For cat food I go to the other feed store which has a lot better selection for cats. I can get Chicken Soup there, as well as Innova. They sell Chicken Soup for dogs, but I've only seen one or two bags of Innova dog food. It's frustrating because they don't always have food in stock. I go there on the days the food is delivered if I want to get what I need, sometimes I miss out and can't get large bag of cat food, have to get the sample bags which is a pain. 

I checked out the cost of shipping from Pet Food Direct, it costs around $15 to have 35 lb bag of food delivered to my house, that's nuts.

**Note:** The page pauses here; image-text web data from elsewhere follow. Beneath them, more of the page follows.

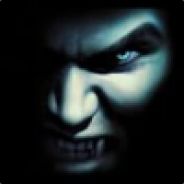 razor97 - steam id 76561197970951068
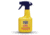 Hunters Specialties Scent-A-Way Max Odorless Spray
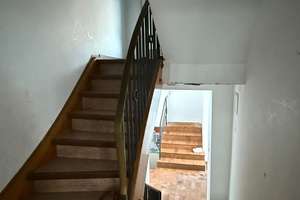 Reutlingen Betzingen, sofort beziehbare 4-Zimmer-Eigentumswohnung – Steinachstr. 19, 72770 Betzingen, Reutlingen – Vorschaubild 10
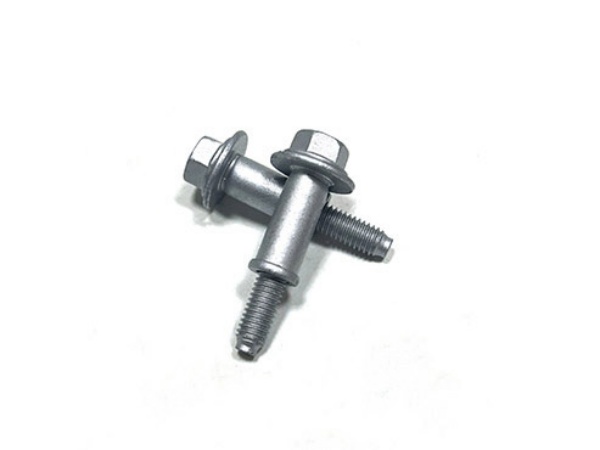 OE：1112 7578 445 Valve Cover Screw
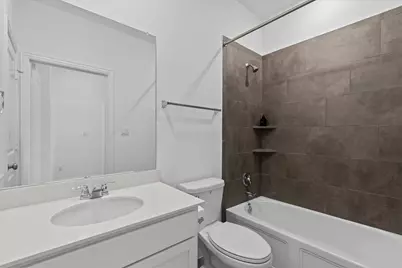 12407 Morelia Way, Austin, TX 78748 - Photo 26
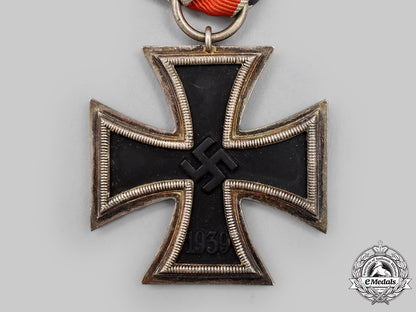 germany,_wehrmacht._a1939_iron_cross_ii_class_l22_mnc2227_116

I've contacted Tractor Supply to see if they could order something else, but all they did was refer me to my local store manager. He said what they get is decided by the main branch of TSC, he can only sell what they send him. 
I contacted the manager of the other feed store, she told me that they don't order a lot of the premium foods because there iisn't enough demand for them, and she can't order just one bag of a particular food. So I decided to contact a few of the pet food companies to see if they can get a sales person to the store, maybe send down some samples for customers to try. I know they did this with Innova, the feed store had a lot of samples for a few months they were giving them away to everyone! Now they carry some of the Innova products, but not all, better than nothing. If Innova can do this, maybe some of the other companies can do too.


----------



## clmalcolm (Jun 22, 2008)

*where to buy kibble*

I buy Innova EVO from a small place called PetWorld on rt 9 in Natick, MA -- it is a great pet store with a large variety of high quality dog food


----------



## LoveMyLilDogs (Jul 23, 2008)

I buy my food at Pawswell Pet Nutrition In Seattle area. They are always so nice and have a great amount of knowledge of there products.


----------



## BabyHusky (Jul 21, 2008)

I guess I'm lucky...Southern California has holistic/natural/organic feeding supply stores everywhere. So I never have a problem getting the food...thank the lord.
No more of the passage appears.